Provided data:
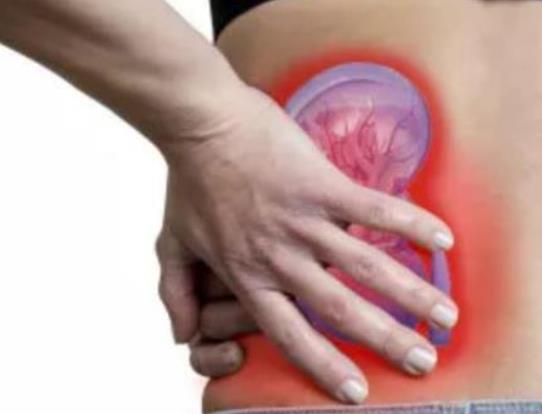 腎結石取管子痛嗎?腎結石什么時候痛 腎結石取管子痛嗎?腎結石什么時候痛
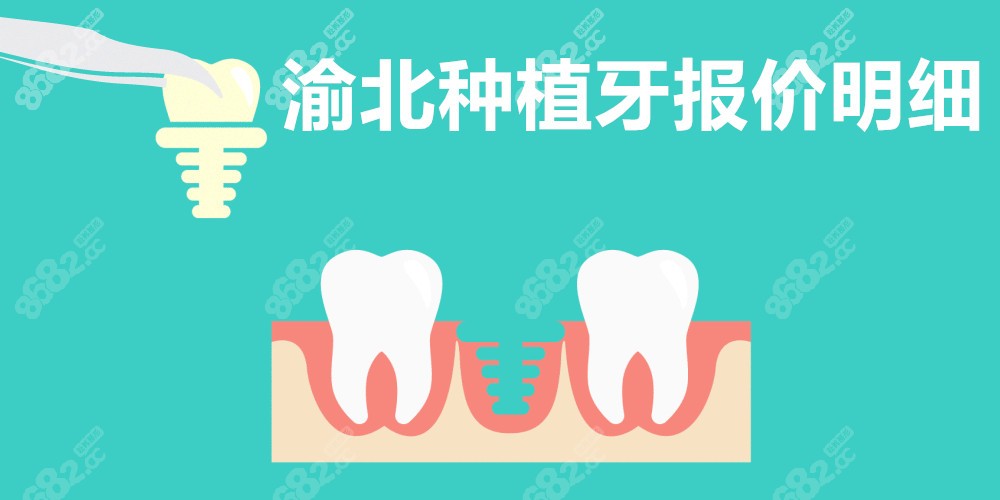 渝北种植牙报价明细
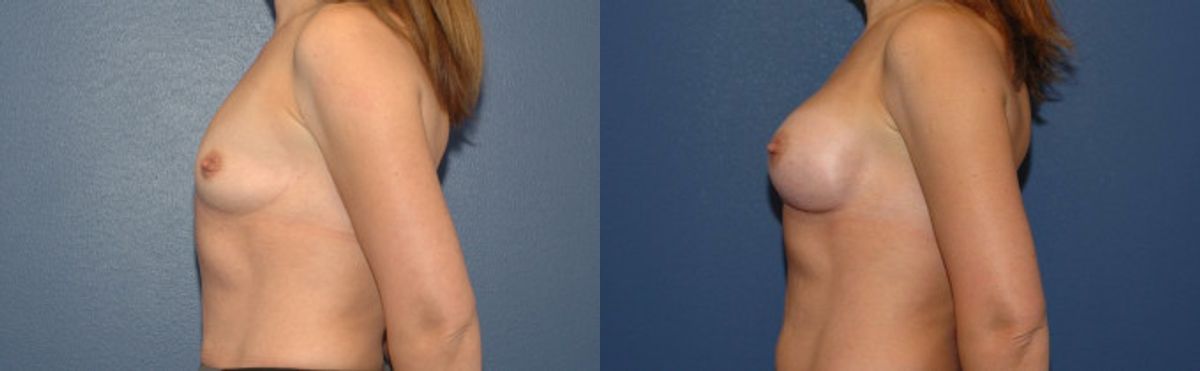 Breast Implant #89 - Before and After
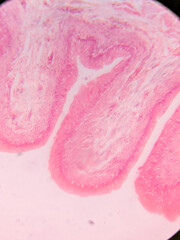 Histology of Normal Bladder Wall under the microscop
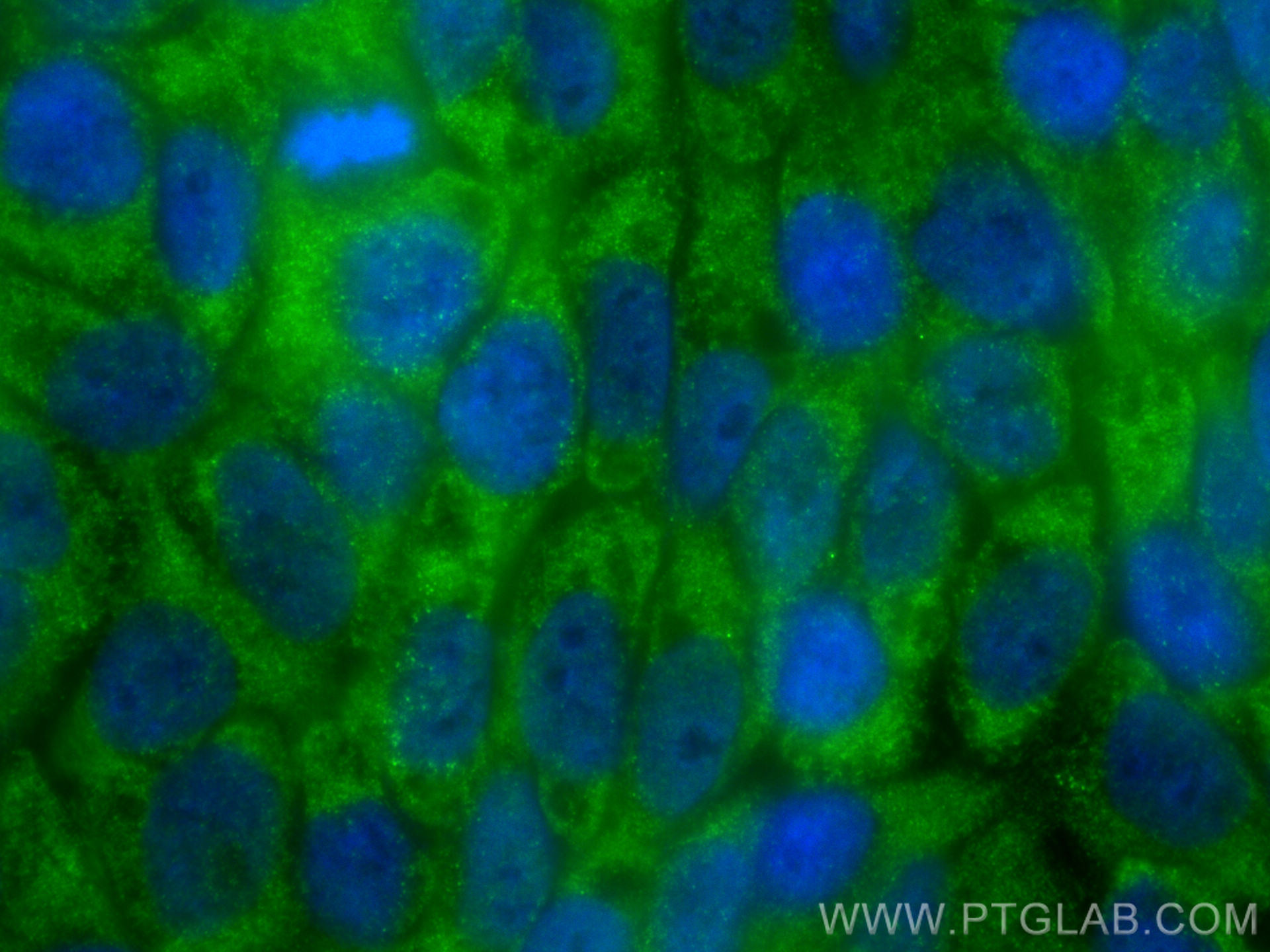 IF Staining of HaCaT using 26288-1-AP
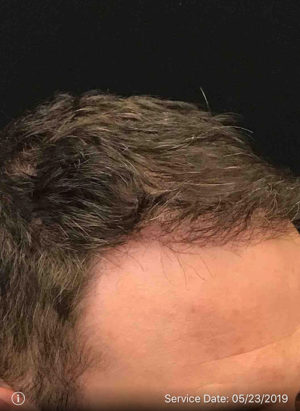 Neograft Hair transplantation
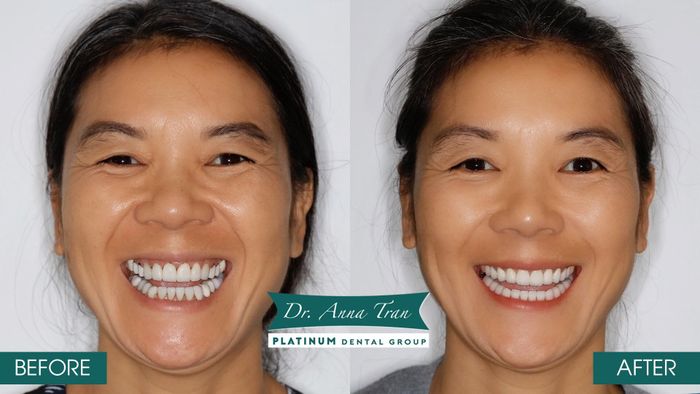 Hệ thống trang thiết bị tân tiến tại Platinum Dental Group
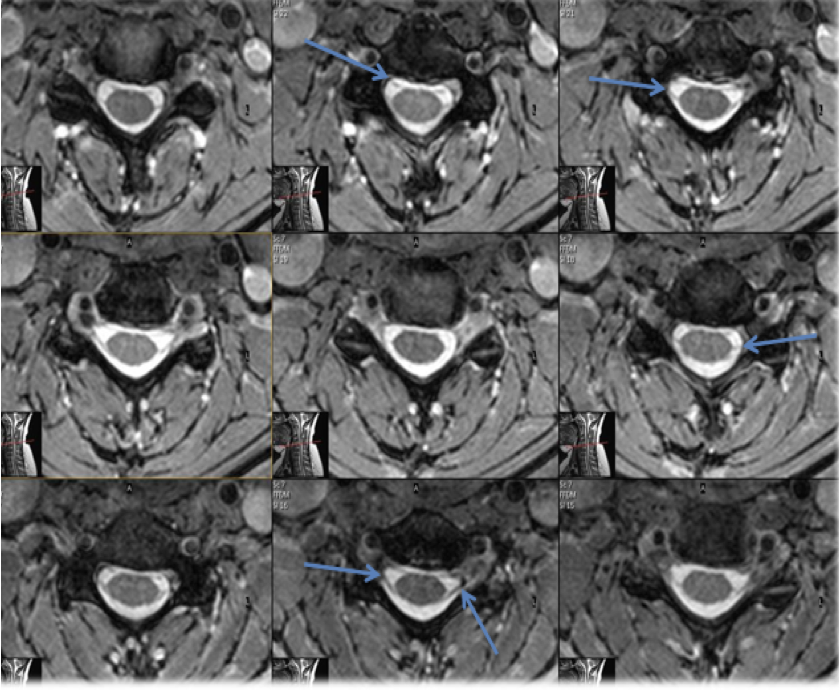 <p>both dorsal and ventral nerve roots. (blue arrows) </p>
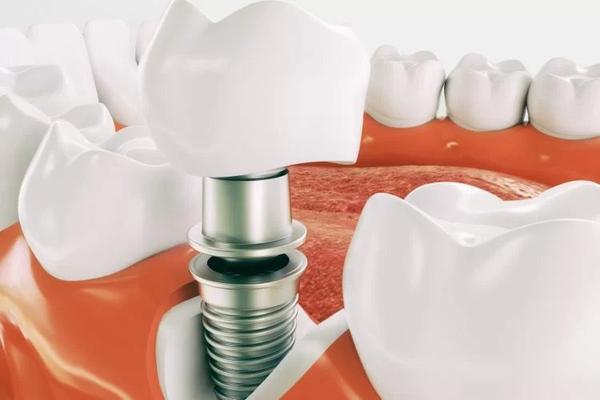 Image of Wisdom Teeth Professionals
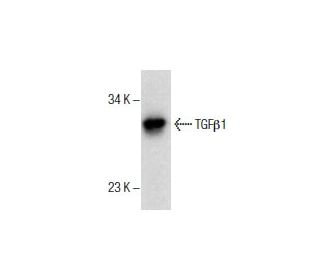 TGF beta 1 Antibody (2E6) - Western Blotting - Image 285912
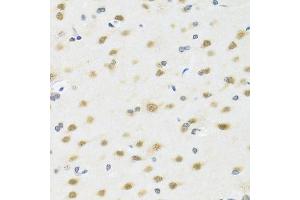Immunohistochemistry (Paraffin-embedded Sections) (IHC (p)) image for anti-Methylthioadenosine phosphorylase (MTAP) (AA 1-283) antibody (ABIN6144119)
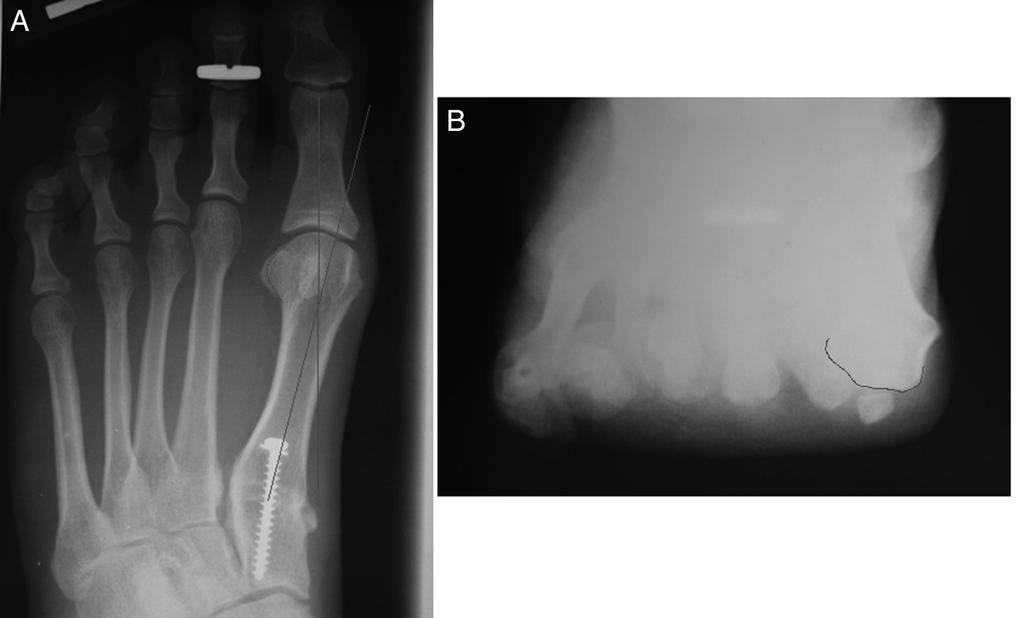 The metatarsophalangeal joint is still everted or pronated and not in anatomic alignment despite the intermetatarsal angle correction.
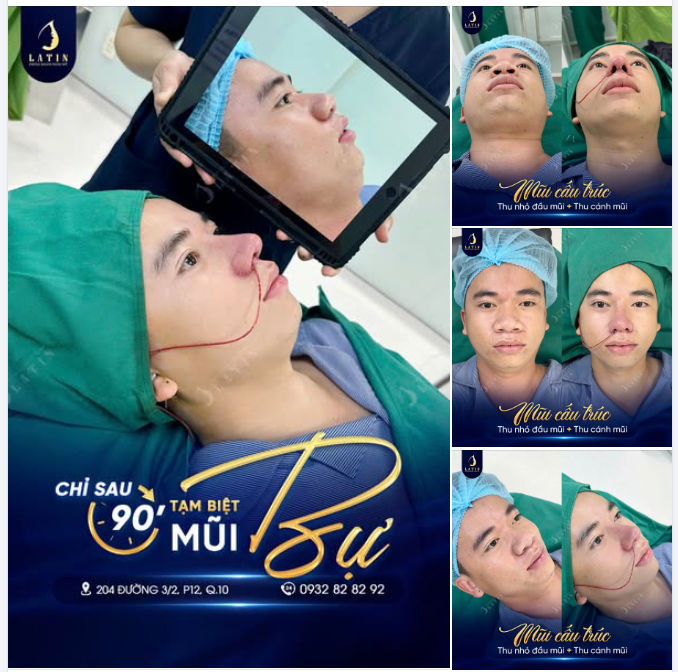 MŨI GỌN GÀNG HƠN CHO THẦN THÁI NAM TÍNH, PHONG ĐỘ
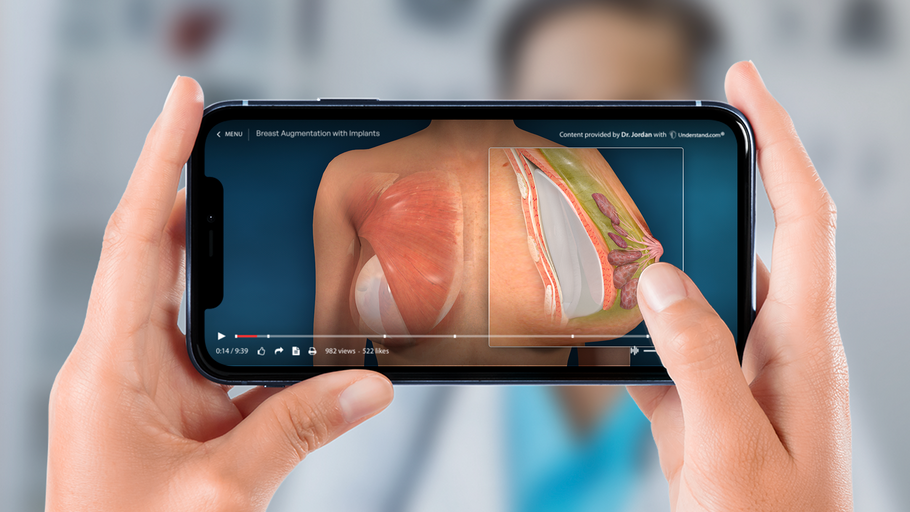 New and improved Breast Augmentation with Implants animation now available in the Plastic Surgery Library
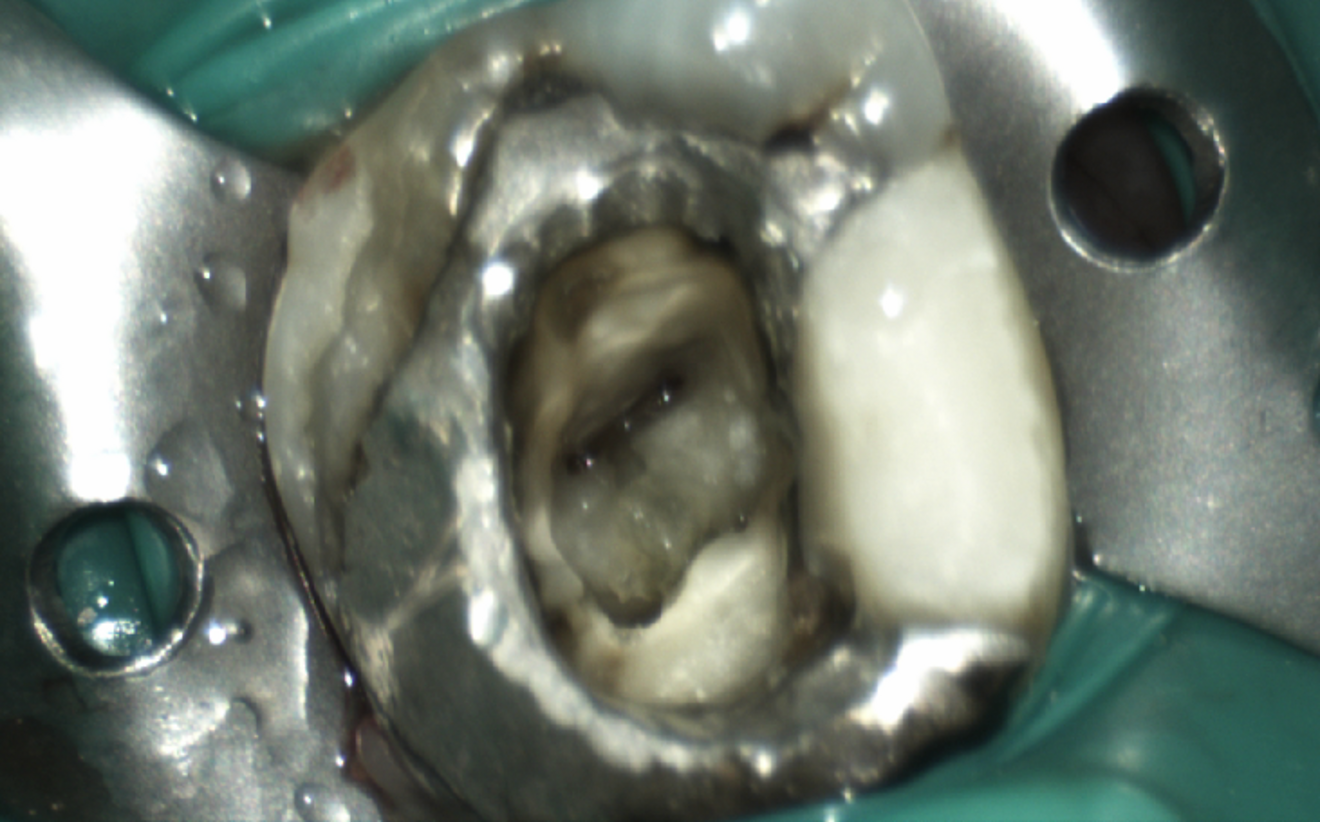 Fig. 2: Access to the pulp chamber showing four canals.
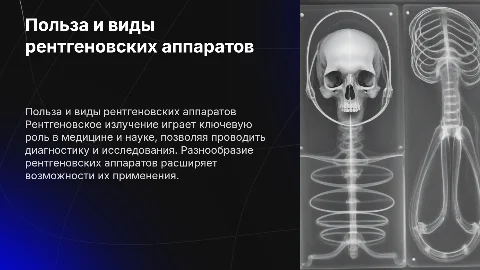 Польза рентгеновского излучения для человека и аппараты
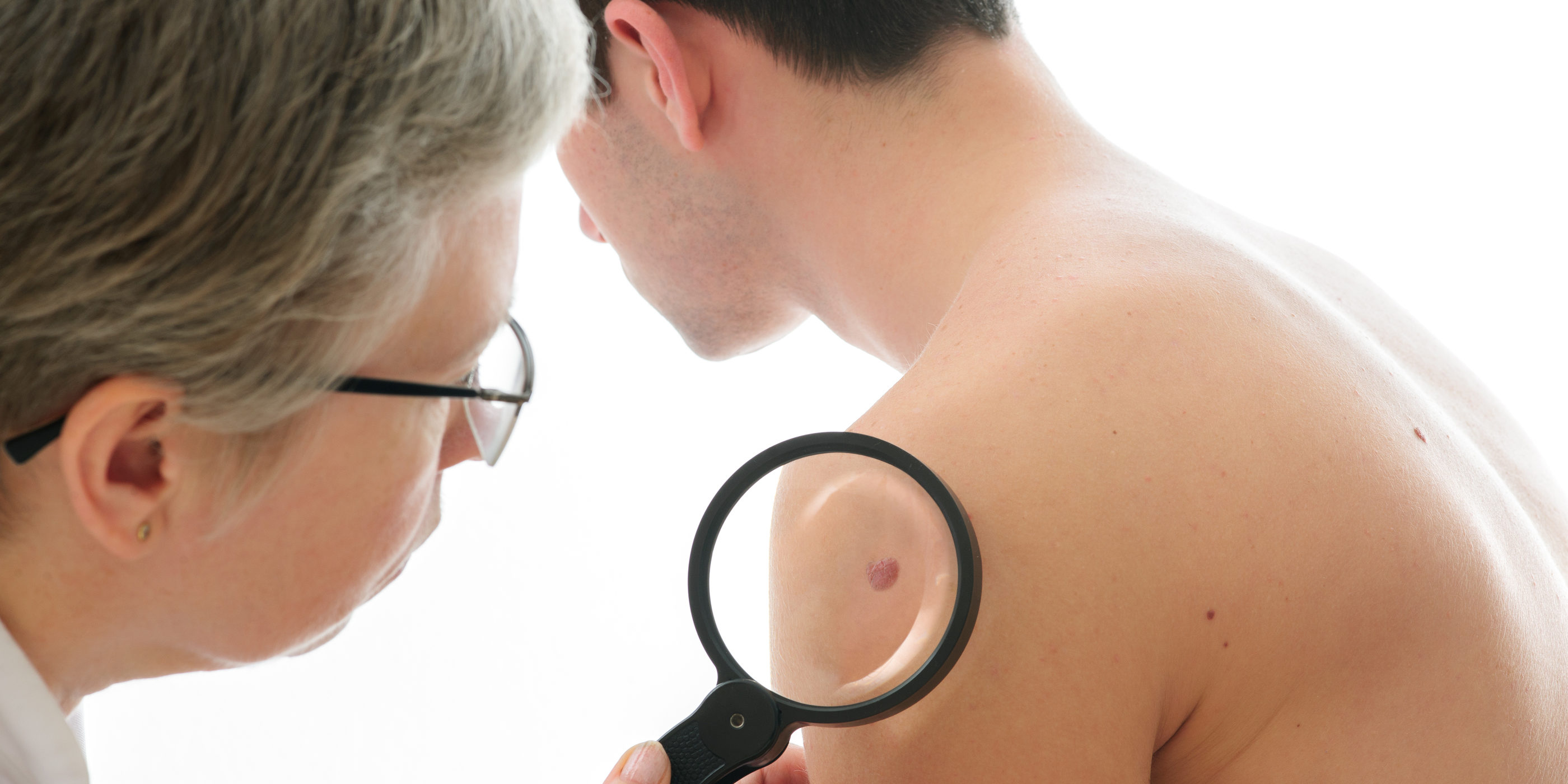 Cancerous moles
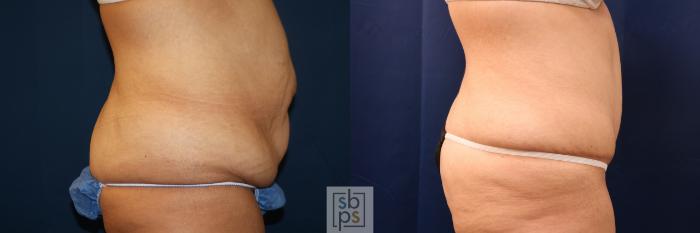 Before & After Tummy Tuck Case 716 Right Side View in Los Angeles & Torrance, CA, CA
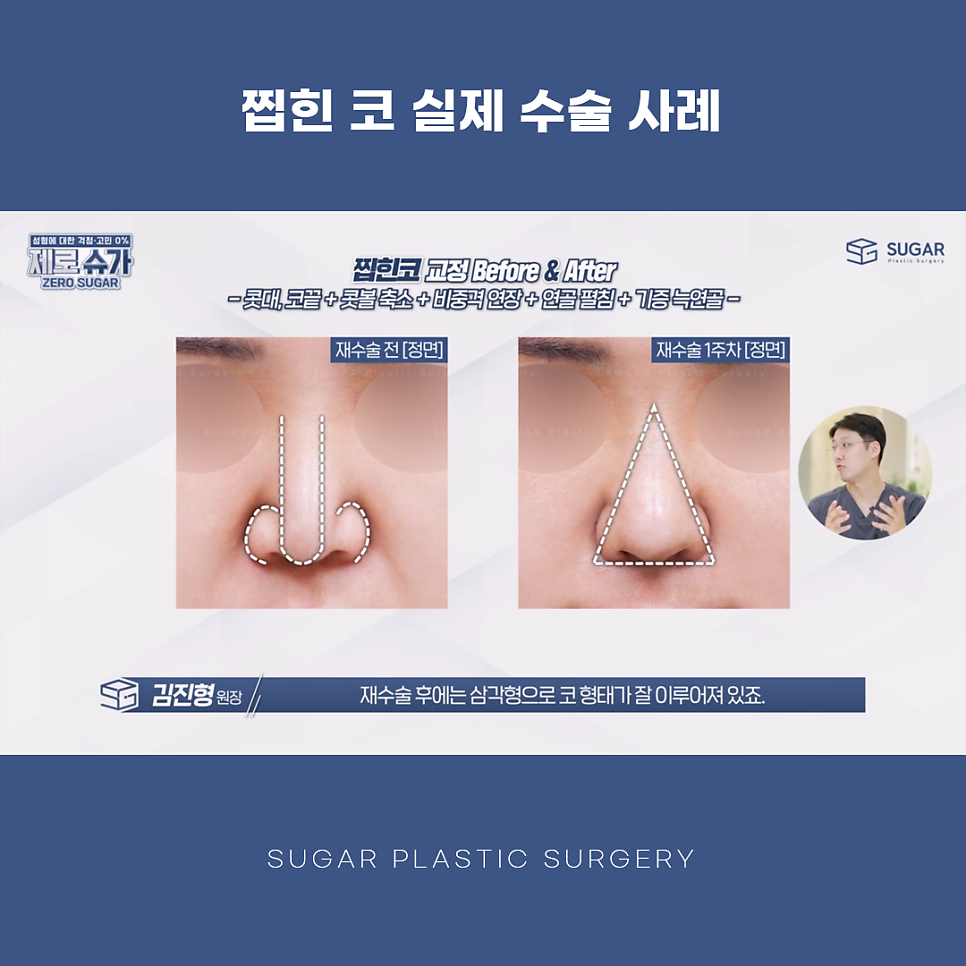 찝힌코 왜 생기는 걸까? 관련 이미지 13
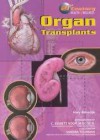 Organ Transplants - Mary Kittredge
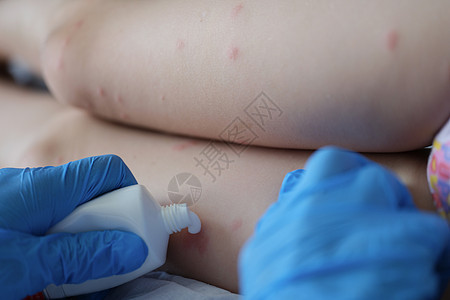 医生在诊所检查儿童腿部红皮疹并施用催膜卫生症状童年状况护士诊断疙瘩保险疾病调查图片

Task to carry out: The aim is an exact repeat of the entire listing, stripped of pictures.

Written answer:
 腎結石取管子痛嗎?腎結石什么時候痛 腎結石取管子痛嗎?腎結石什么時候痛
 渝北种植牙报价明细
 Breast Implant #89 - Before and After
 Histology of Normal Bladder Wall under the microscop
 IF Staining of HaCaT using 26288-1-AP
 Neograft Hair transplantation
 Hệ thống trang thiết bị tân tiến tại Platinum Dental Group
 <p>both dorsal and ventral nerve roots. (blue arrows) </p>
 Image of Wisdom Teeth Professionals
 TGF beta 1 Antibody (2E6) - Western Blotting - Image 285912
Immunohistochemistry (Paraffin-embedded Sections) (IHC (p)) image for anti-Methylthioadenosine phosphorylase (MTAP) (AA 1-283) antibody (ABIN6144119)
 The metatarsophalangeal joint is still everted or pronated and not in anatomic alignment despite the intermetatarsal angle correction.
 MŨI GỌN GÀNG HƠN CHO THẦN THÁI NAM TÍNH, PHONG ĐỘ
 New and improved Breast Augmentation with Implants animation now available in the Plastic Surgery Library
 Fig. 2: Access to the pulp chamber showing four canals.
 Польза рентгеновского излучения для человека и аппараты
 Cancerous moles
 Before & After Tummy Tuck Case 716 Right Side View in Los Angeles & Torrance, CA, CA
 찝힌코 왜 생기는 걸까? 관련 이미지 13
 Organ Transplants - Mary Kittredge
 医生在诊所检查儿童腿部红皮疹并施用催膜卫生症状童年状况护士诊断疙瘩保险疾病调查图片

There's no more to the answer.